To do
Reproduce the listing word for word, leaving every picture behind.

Data provided
=-=-=

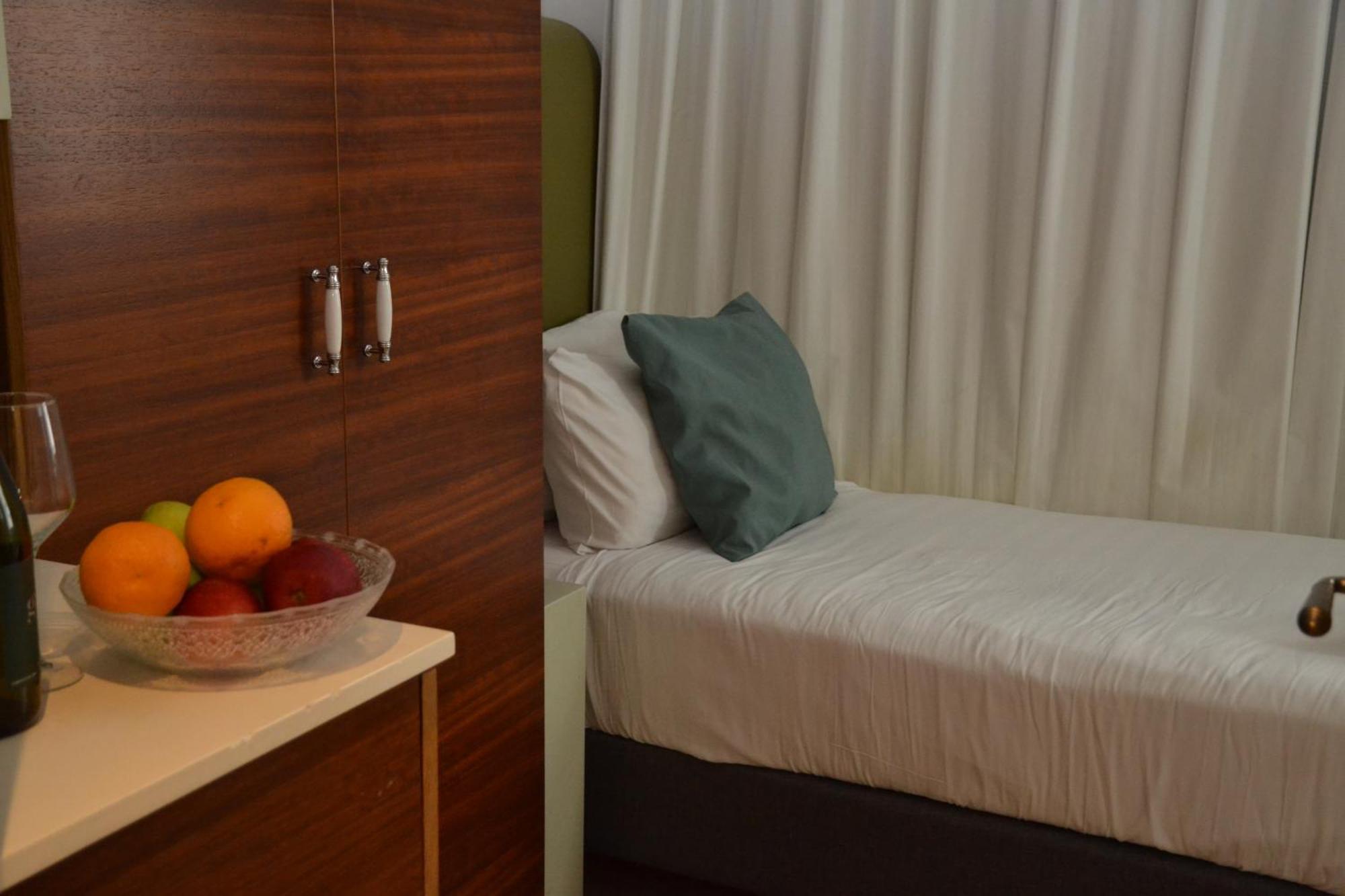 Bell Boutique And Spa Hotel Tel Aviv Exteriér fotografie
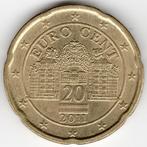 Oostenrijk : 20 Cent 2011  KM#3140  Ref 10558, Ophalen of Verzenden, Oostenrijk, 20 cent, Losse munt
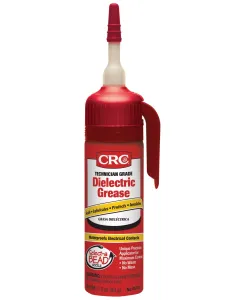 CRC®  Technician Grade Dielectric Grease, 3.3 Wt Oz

=-=-=

Exercise output
 Bell Boutique And Spa Hotel Tel Aviv Exteriér fotografie
 Oostenrijk : 20 Cent 2011  KM#3140  Ref 10558, Ophalen of Verzenden, Oostenrijk, 20 cent, Losse munt
 CRC®  Technician Grade Dielectric Grease, 3.3 Wt Oz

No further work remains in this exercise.